Werkzaamheden van de Sammelverwaltung feindlicher Hausgeräte (SfH)
De SfH had het beheer over inboedels van 'vijanden' die door de Deutsche Revisions- und Treuhand AG (DRT) in beslag waren genomen. Duitse ambtenaren die met hun gezinnen tijdelijk in Nederland waren gestationeerd konden goederen huren tegen 10% van de taxatiewaarde voor de inrichting van hun huizen. De afdeling van de Sfh die zich hiermee bezighield stond bekend onder de naam "Heim in Holland". Op 15 oktober 1941 werd door de Generalkommissar Fischböck aangekondigd dat de goederen onder beheer van de SfH voortaan naar Duitsland vervoerd moesten worden ter vervanging van de huisraad die door bombardementen en luchtaanvallen aldaar verloren was gegaan. De meeste goederen werden overgebracht naar de getroffen steden Münster, Mannheim, Lübeck en Keulen.
Een aantal in beslag genomen goederen mochten niet verhuurd waren. Dit waren meestal waardevolle zaken, zoals kunstvoorwerpen, schilderijen, kostbare antieke meubelen, Perzische tapijten, bibliotheken, gouden en zilveren juwelen. Deze goederen konden als 'reichswichtig' aangemerkt worden en kwamen zo in handen van de Dienstelle Mühlmann die aankopen deed voor Duitse musea en belangrijke nazi's, en de Einsatzstab Reichsleiter Rosenberg die huisraad van gedeporteerde joden in beslag nam. Het overgrote deel van de in beslag genomen goederen werd geveild via Nederlandse venduhuizen.

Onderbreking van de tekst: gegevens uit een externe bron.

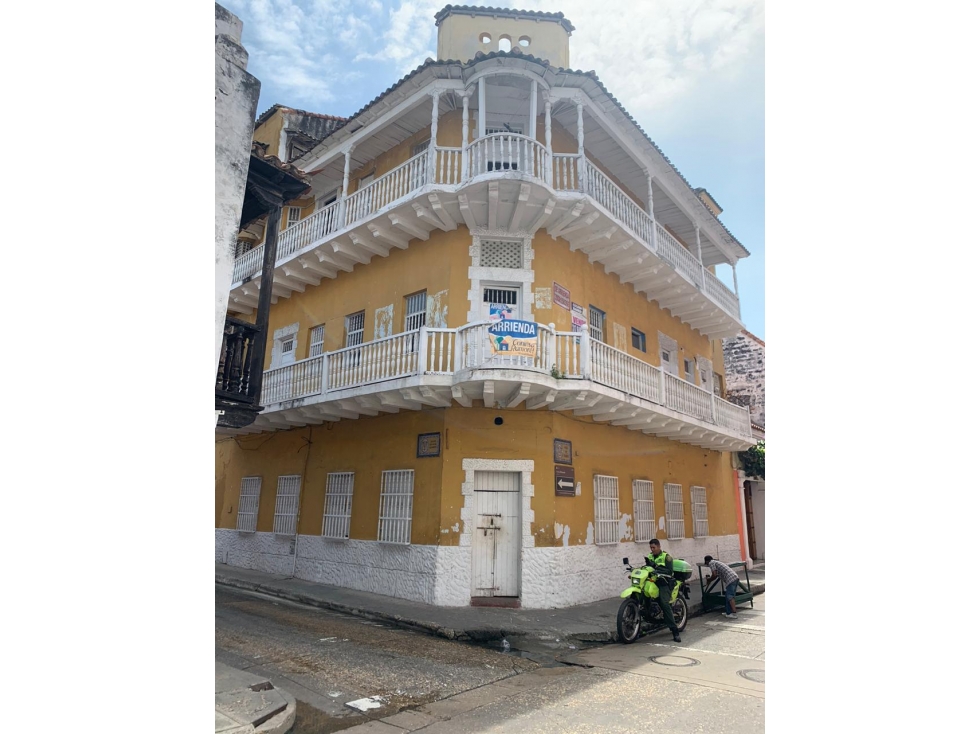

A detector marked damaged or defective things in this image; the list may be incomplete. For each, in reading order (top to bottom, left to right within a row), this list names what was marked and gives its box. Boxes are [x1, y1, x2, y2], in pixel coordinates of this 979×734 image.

peeling paint on wall [374, 304, 392, 340]
peeling paint on wall [424, 292, 448, 330]
peeling paint on wall [612, 324, 628, 354]
peeling paint on wall [620, 516, 636, 544]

Beheer en liquidatie na de oorlog
Tot de taken van het Nederlands Beheersinstituut (NBI) behoorde onder meer de vereffening en liquidatie van een aantal Duitse roofinstellingen. Het NBI stelde mr. S. Roest Crollius aan als beheerder/liquidateur voor de Sammelverwaltung feindlicher Hausgeräte (SfH) en de Geschäftsstelle für Verwaltung feindlicher Warenlager (GfW). (Zie archief Beheerder/liquidateur van de Sammelverwaltung feindlicher Hausgeräte en de Geschäftsstelle für Verwaltung feindlicher Warenlager).